Definition 3.1.   For $x,y,z \in Z_{\ge 0}$, we define
$move_ h(\{ x,y,z\} )=\{ \{ u,y,z \} :u<x \} \cup \{ \{ x,v,z \} :v<y \} \cup \{ \{ x,\min (y, h(w) ),w \} :w<z \} $, where $u,v,w \in Z_{\ge 0}$.

The following condition $(a)$ in Definition 3.2 is a sufficient condition for a chocolate bar $CB(f,y,z)$ to have a Grundy number $G(\{ y,z\} ) = y \oplus z$.

Definition 3.2.  Let $h$ be a function of $Z_{\geq 0}$ into $Z_{\geq 0}$ that satisfies the conditions of Definition 2.1. and the following condition $(a)$.
$(a)$ Suppose that

  \begin{equation} \label{aaconditionforh} \lfloor \frac{z}{2^ i}\rfloor = \lfloor \frac{z^{\prime }}{2^ i}\rfloor \end{equation}   (3.1)

for some $z,z^{\prime } \in Z_{\geq 0}$ and some natural number $i$. Then we have

  \begin{equation} \label{aaconditionforh2} \lfloor \frac{h(z)}{2^{i-1}}\rfloor = \lfloor \frac{h(z^{\prime })}{2^{i-1}}\rfloor . \end{equation}   (3.2)
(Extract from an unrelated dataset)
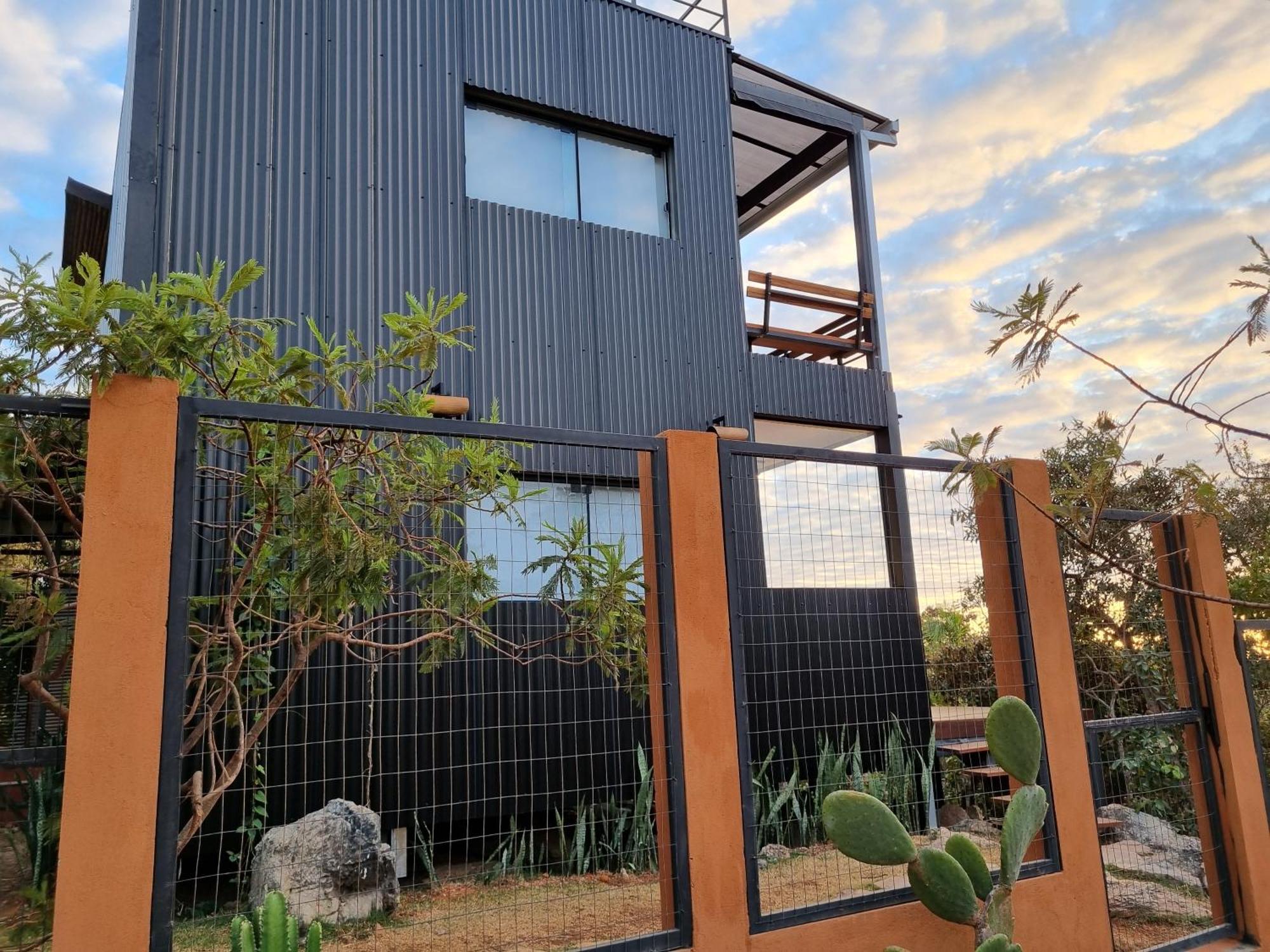 Casa Nuvem Lotf House + Holiday home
Remark 3.1. The condition $(a)$ of Definition 3.2 is equivalent to the following condition $(b)$.
$(b)$ Suppose that $z_ k,y_ k \in \{ 0,1\} $ for $k = 0,1,...,n$ and

  \begin{equation} \label{conditionforh} h(\sum \limits _{k = 0}^ n {{z_ k}} {2^ k})=\sum \limits _{k = 0}^ n {{y_ k}} {2^ k}.\nonumber \end{equation}    

Let $i$ be a natural number. Then for any $z_ k^{\prime } \in \{ 0,1\} $ for $k=0,...,i-1$ there exist $y_ k^{\prime } \in \{ 0,1\} $ for $k=0,...,i-2$ such that

  \begin{equation} \label{conditionforh2} h(\sum \limits _{k = i}^ n {{z_ k}} {2^ k} + \sum \limits _{k = 0}^{i-1} {{z_ k^{\prime }}} {2^ k}) = \sum \limits _{k = i-1}^ n {{y_ k}} {2^ k} + \sum \limits _{k = 0}^{i-2} {{y_ k^{\prime }}} {2^ k}.\nonumber \end{equation}    

The condition $(a)$ of Definition 3.2 is very abstract, so we present some examples of functions that satisfy condition $(a)$ of Definition 3.2 in Lemma 3.1 and Lemma3.2.

Lemma 3.1.    Let $h(z)=\lfloor \frac{z}{2k}\rfloor $ for some natural number $k$. Then $h(z)$ satisfies the condition of Definition 3.2. We prove the contraposition of the condition of Definition 3.2. We suppose that Equation (3.2) is false. Then there exist $u \in Z_{\geq 0}$ and a natural number $i$ such that

  \begin{equation} \label{falseofformer} \lfloor \frac{\lfloor \frac{z}{2k} \rfloor }{2^{i-1}}\rfloor = u < u+1 \leq \lfloor \frac{\lfloor \frac{z^{\prime }}{2k} \rfloor }{2^{i-1}}\rfloor . \end{equation}   (3.3)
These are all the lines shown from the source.